Caption-style text data
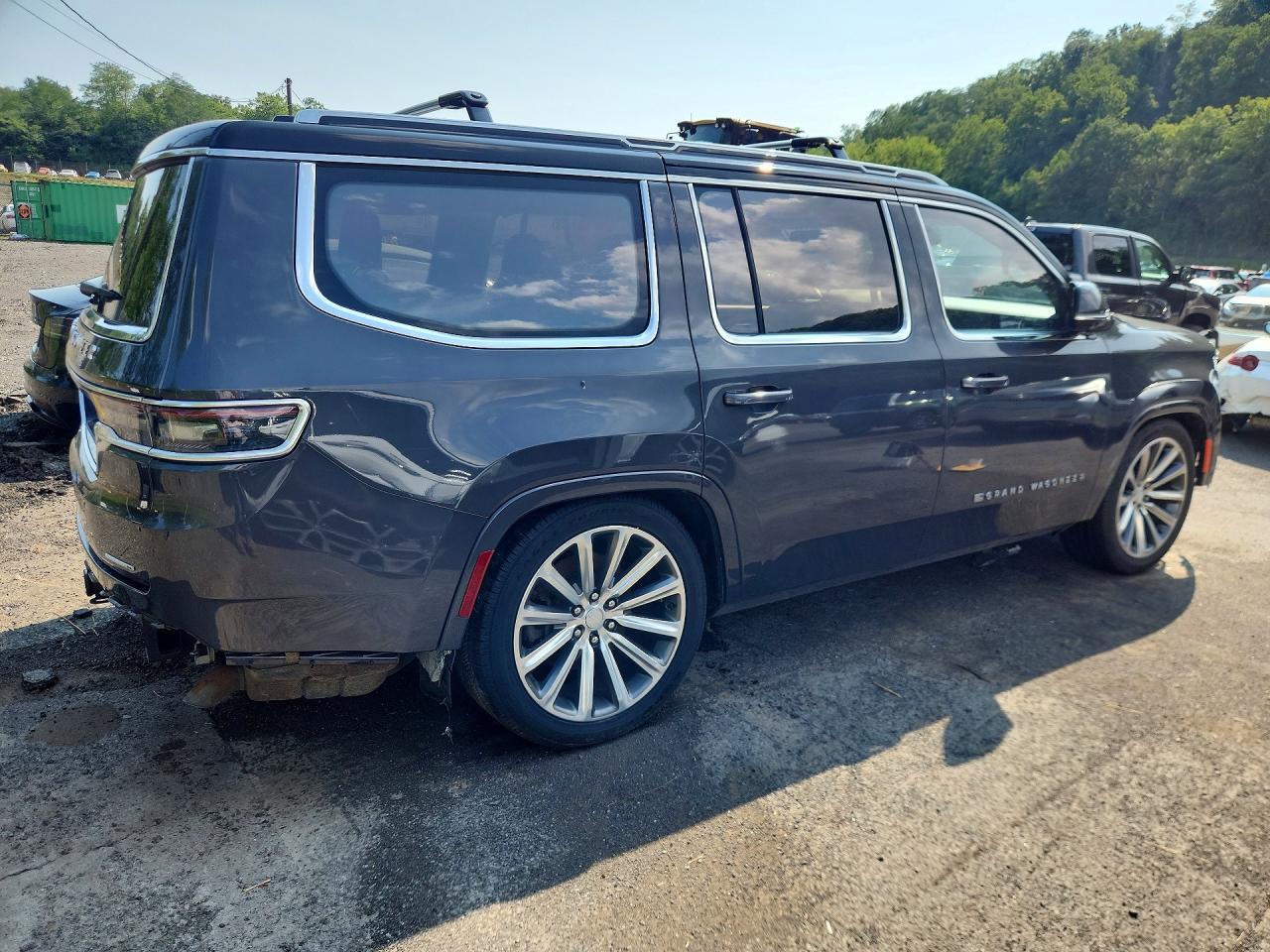 Salvage 2022 Jeep Grand Wagoneer Series Ii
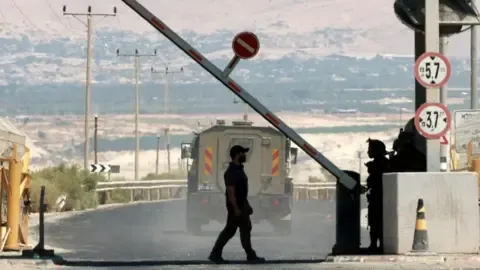 Two Individuals Shot in Attack Near West Bank-Jordan Passage, IDF Confirms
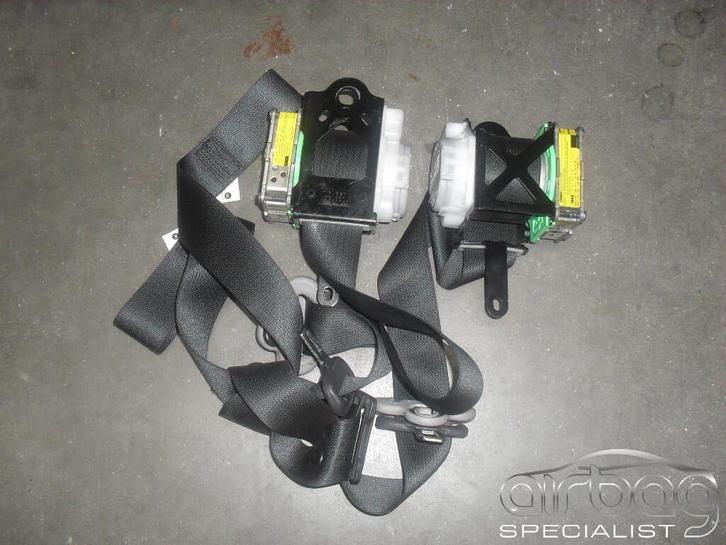 Gordelspanner set toyota yaris model 2006-2011, Auto-onderdelen, Interieur en Bekleding, Toyota, Gebruikt, Ophalen of Verzenden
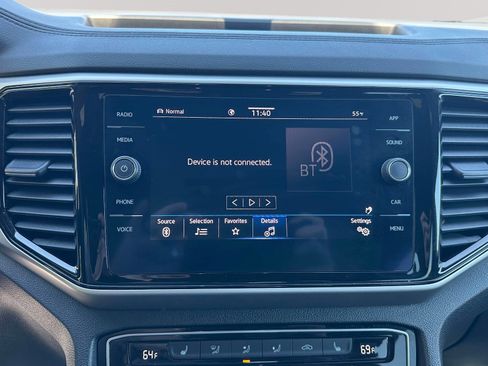 Used 2022 Volkswagen Atlas Cross Sport SE w/ Black Wheel Package image 10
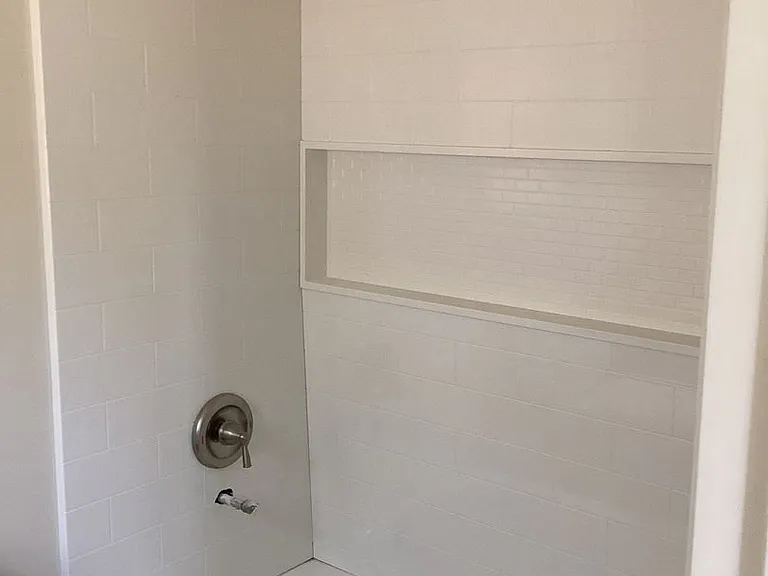 219 S G St — Photo 8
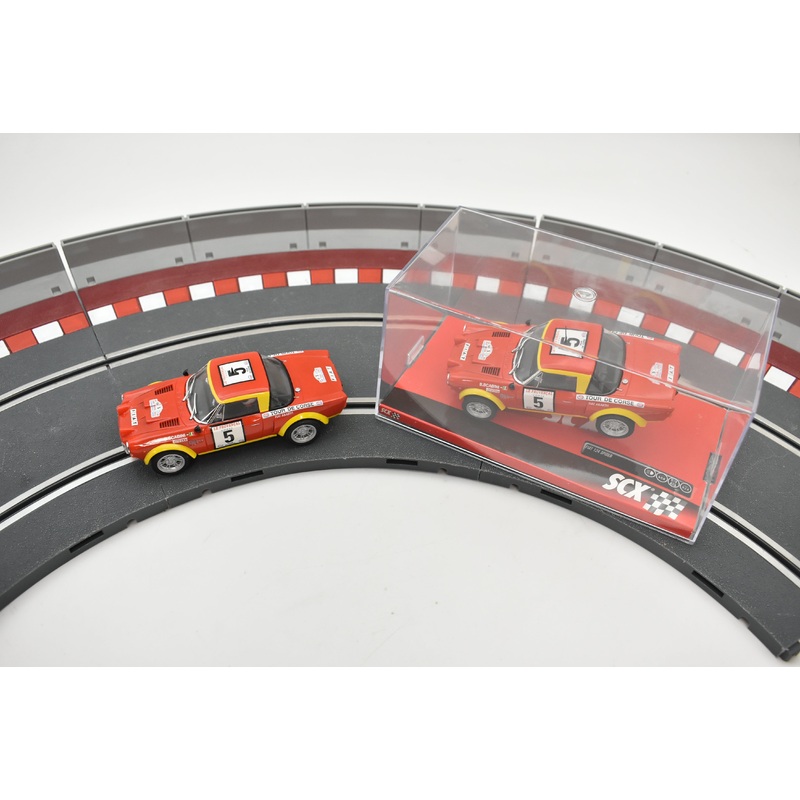 A10220X3U0 SCX 1/32 SLOT CAR FIAT 124 ABARTH SPIDER " BACCHELLI-SCABINI"
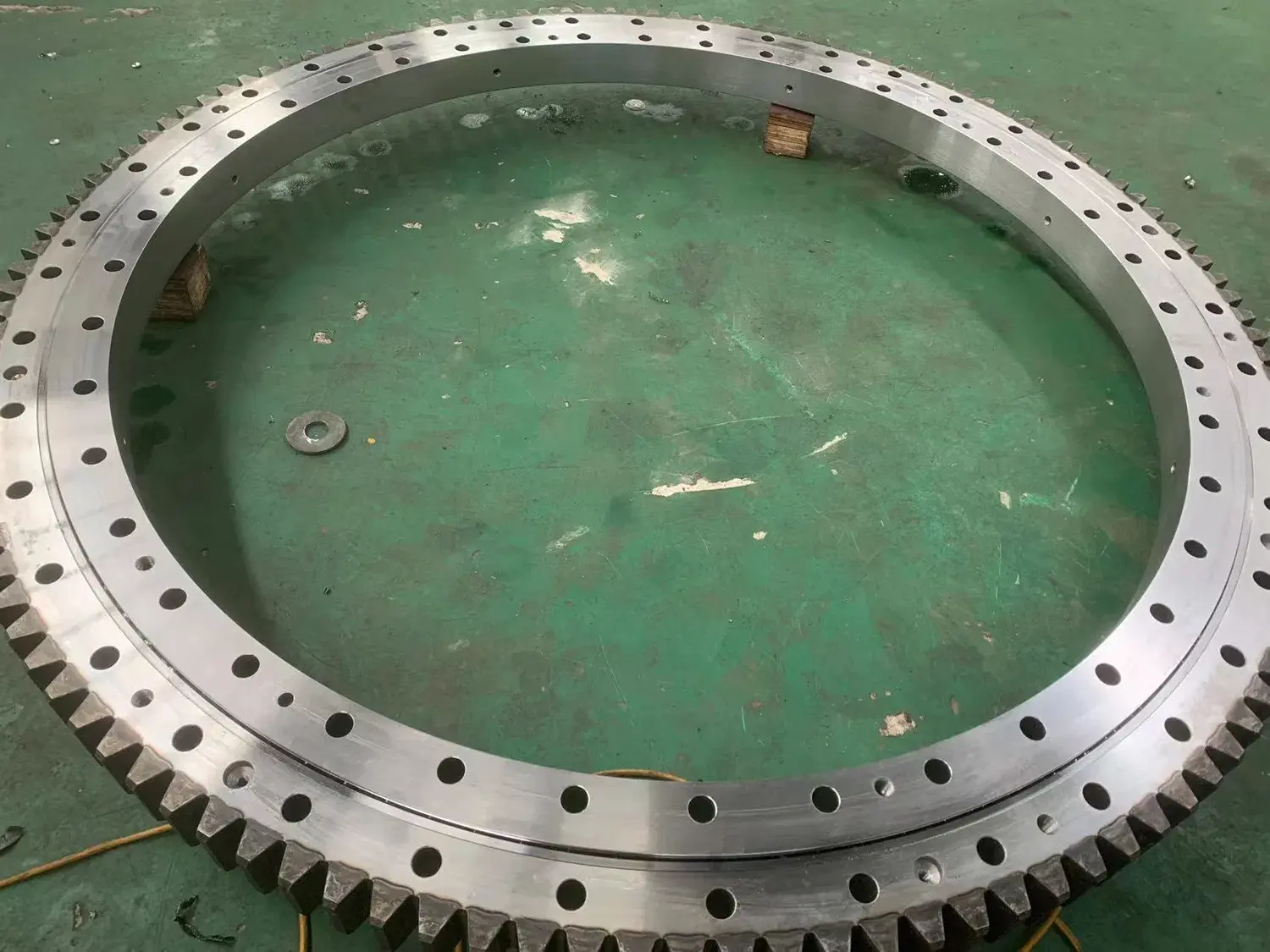 Four Point Contact Slewing Bearing 742.3x534x56mm VLA 20 0644 N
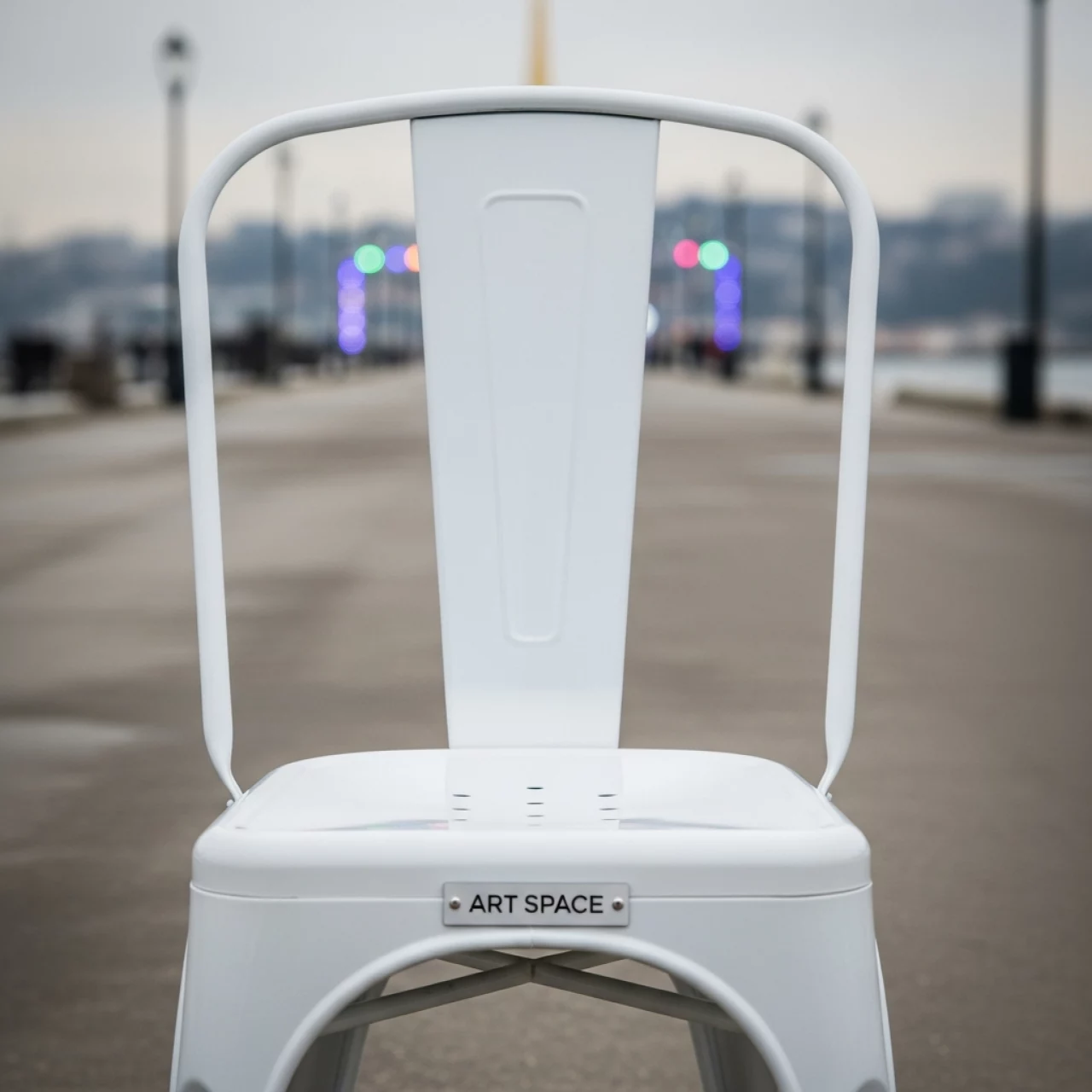 Аренда Стул Tolix белый на территории Морпорта Сочи — ART SPACE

## To do
Once the line containing "Two Individuals Shot" is found in the records above, it and every line after it up to the last must be repeated exactly, without pictures.

## Task output
 Two Individuals Shot in Attack Near West Bank-Jordan Passage, IDF Confirms
 Gordelspanner set toyota yaris model 2006-2011, Auto-onderdelen, Interieur en Bekleding, Toyota, Gebruikt, Ophalen of Verzenden
 Used 2022 Volkswagen Atlas Cross Sport SE w/ Black Wheel Package image 10
 219 S G St — Photo 8
 A10220X3U0 SCX 1/32 SLOT CAR FIAT 124 ABARTH SPIDER " BACCHELLI-SCABINI"
 Four Point Contact Slewing Bearing 742.3x534x56mm VLA 20 0644 N
 Аренда Стул Tolix белый на территории Морпорта Сочи — ART SPACE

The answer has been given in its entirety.